A person’s definition of the ‘Other’ is part of what defines or even constitutes the self (in both a psychological and philosophical sense) and other phenomena and cultural units. It has been used in social science to understand the processes by which societies and groups exclude ‘Others’ whom they want to subordinate or who do not fit into their society. The concept of ‘otherness’ is also integral to the comprehending of a person, as people construct roles for themselves in relation to an ‘other’ as part of a process of reaction that is not necessarily related to stigmatization or condemnation.Othering is imperative to national identities, where practices of admittance and segregation can form and sustain boundaries and national character. Othering helps distinguish between home and away, the uncertain or certain. However, it often involves the demonization and dehumanization of groups, which further justifies attempts to civilize and exploit these ‘inferior’ others.
‘Otherness’ or ‘the ideology of the Other’, is a pet thing of mine. (Loz) I refer to it as a thing, because it can be a huge part of fiction, and not just in older fields where it is more acceptable to treat otherness as alien.

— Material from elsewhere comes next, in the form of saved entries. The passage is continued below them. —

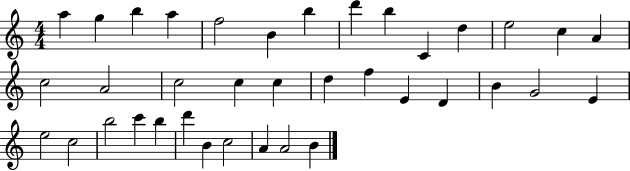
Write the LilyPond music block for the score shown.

{
  \clef treble
  \numericTimeSignature
  \time 4/4
  \key c \major
  a''4 g''4 b''4 a''4 | f''2 b'4 b''4 | d'''4 b''4 c'4 d''4 | e''2 c''4 a'4 | \break c''2 a'2 | c''2 c''4 c''4 | d''4 f''4 e'4 d'4 | b'4 g'2 e'4 | \break e''2 c''2 | b''2 c'''4 b''4 | d'''4 b'4 c''2 | a'4 a'2 b'4 | \break \bar "|."
}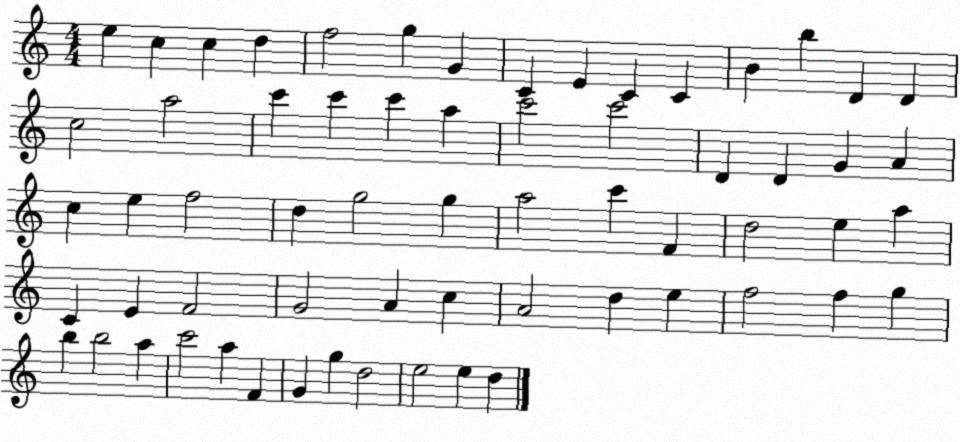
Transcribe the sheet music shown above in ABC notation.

X:1
T:Untitled
M:4/4
L:1/4
K:C
e c c d f2 g G C E C C B b D D c2 a2 c' c' c' a c'2 c'2 D D G A c e f2 d g2 g a2 c' F d2 e a C E F2 G2 A c A2 d e f2 f g b b2 a c'2 a F G g d2 e2 e d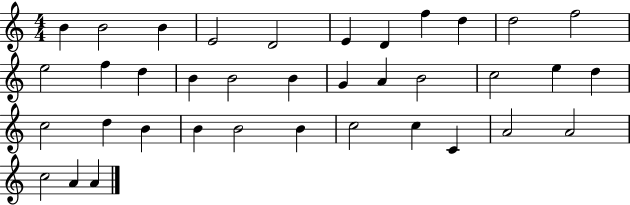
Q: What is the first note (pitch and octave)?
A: B4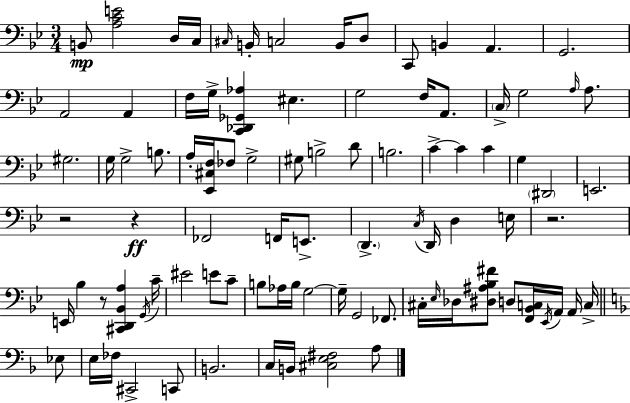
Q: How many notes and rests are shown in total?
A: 91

Otherness is such a big thing, because it is often most of what writing is. Though in a scholarly sense it is often looked at down very fixed and recognisable lines, such as race, nationality or gender, I look at it in a very different way. Every single person is an ‘other’ to everyone else, from the first breath, to the last. Our ideologies are shaped by every aspect of our lives, and writing helps us to explore and understand different ones. That’s why I love otherness. I hate it because there are different ways of thinking that allow it to be an excuse for prejudice, but I’m not talking about that, because I don’t want to encourage it, and I love the other aspect.